Heat stimuli were applied to the dominant thenar eminence, while participants rated the experimental pain using the CoVAS with the other hand. Ten consecutive heat stimuli with an interstimulus interval of 2 s at three stimulus intensities (PT °C, PT + 1 °C, PT + 2 °C) were applied. The stimulus intensity applied was determined randomly. Neither participants nor experimenters knew which stimulus intensity was applied.

Participants had a 5 minutes break between each trial to avoid any after-sensations or ongoing pain before the subsequent trial. The measurement was blinded for examiners.

Calculations of TSSP parameters

Pain Intensity (PIn) was calculated by integrating the values of pain ratings from the nth stimulus to the n + 1th stimulus. TSSP parameters (TSSP magnitude, TSSP frequency) were calculated using the PI and defined. TSSP magnitude was an index for evaluating the magnitude we observed a temporal summation phenomenon.

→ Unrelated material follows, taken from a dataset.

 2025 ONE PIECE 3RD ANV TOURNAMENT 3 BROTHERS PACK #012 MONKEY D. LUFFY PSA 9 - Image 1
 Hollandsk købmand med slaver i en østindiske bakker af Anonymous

TSSP frequency was an index for evaluating the number of times we observed a temporal summation phenomenon.

$${\text{TSSP magnitude }}\left( {{\text{TSm}}} \right):{\text{ PI}}_{{{\text{max}}}} - {\text{ PI}}_{{1}} ({\text{VAS}} \times {\text{second}}),$$
$${\text{TSSP frequency }}\left( {{\text{TSf}}} \right):{\text{ Numbers of times P}}_{{{\text{n }} + { 1}}} > {\text{ PI}}_{{\text{n}}} \left( {{\text{times}}} \right).$$

Assessments of biopsychosocial functions

Jaw pain was assessed with a visual analog scale. Somatic symptoms were assessed with the PHQ-1532. The illness period (month) was assessed as the pain period before this test.

Past pain experiences and negative thoughts or feelings about pain were assessed with the Pain Catastrophizing Scale (PCS)34. The self-efficacy belief in individuals with pain was assessed with the pain self-efficacy questionnaire (PSEQ)35. Somatization (SOM), obsessive–compulsive (O–C), Anxiety (ANX), and depression (DEP) were assessed with the T-scores of the SCL-90-R30,31.

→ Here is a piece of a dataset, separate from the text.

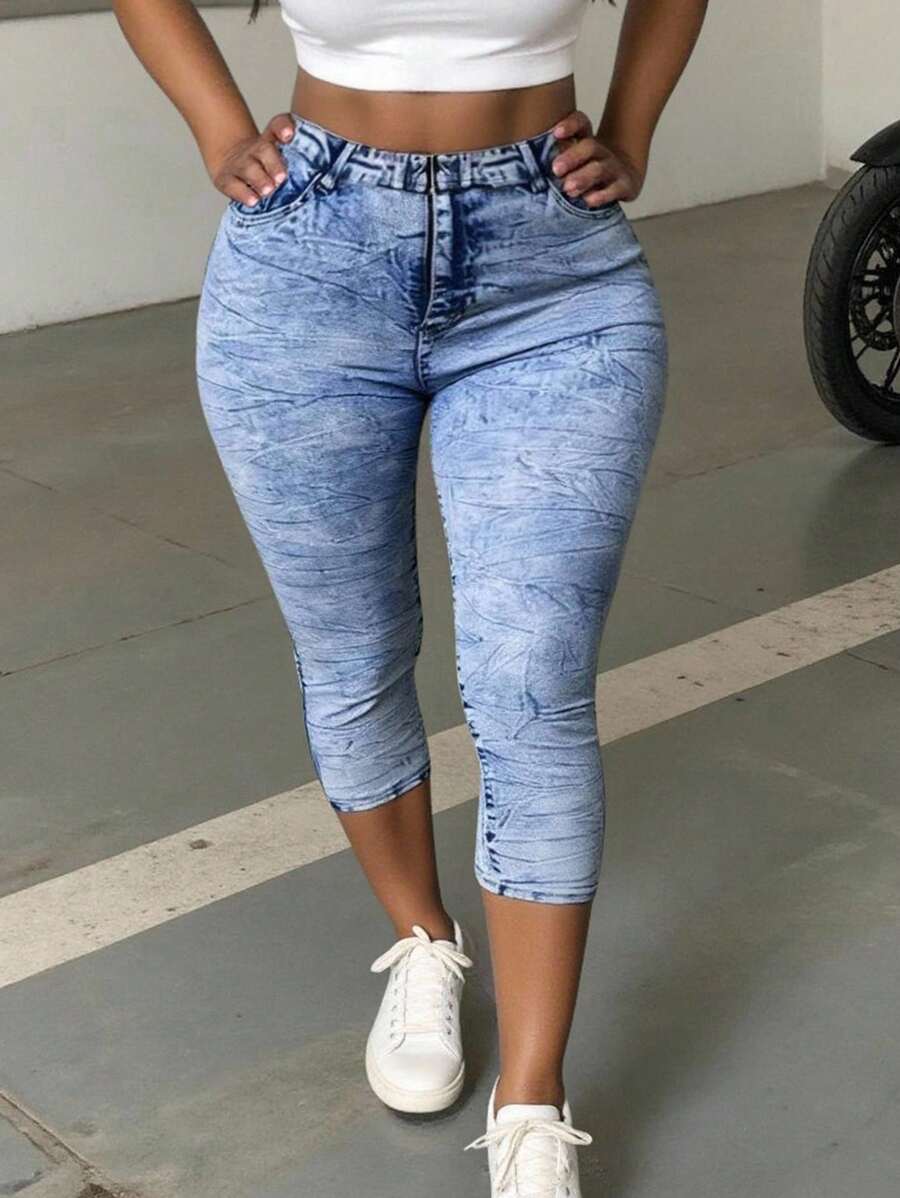 INAWLY 大码女式牛仔印花休闲七分紧身裤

Data reductions and statistical methods

TSSP response patterns at each stimulus intensity in healthy volunteers with no pain and chronic pain patients

All statistical data were entered and analyzed using a dedicated statistical software (SPSS, Version 21.0; IBM, Armonk, NY, USA). Generalized Linear Mixed Models were conducted to examine the effect of repetitive stimuli on PI. The number of stimuli and age were used as covariates. Log (PI + 1) was used as the dependent variable. The variable conversion was performed using log because PI did not have a normal distribution. The significance level was set at α = 0.050.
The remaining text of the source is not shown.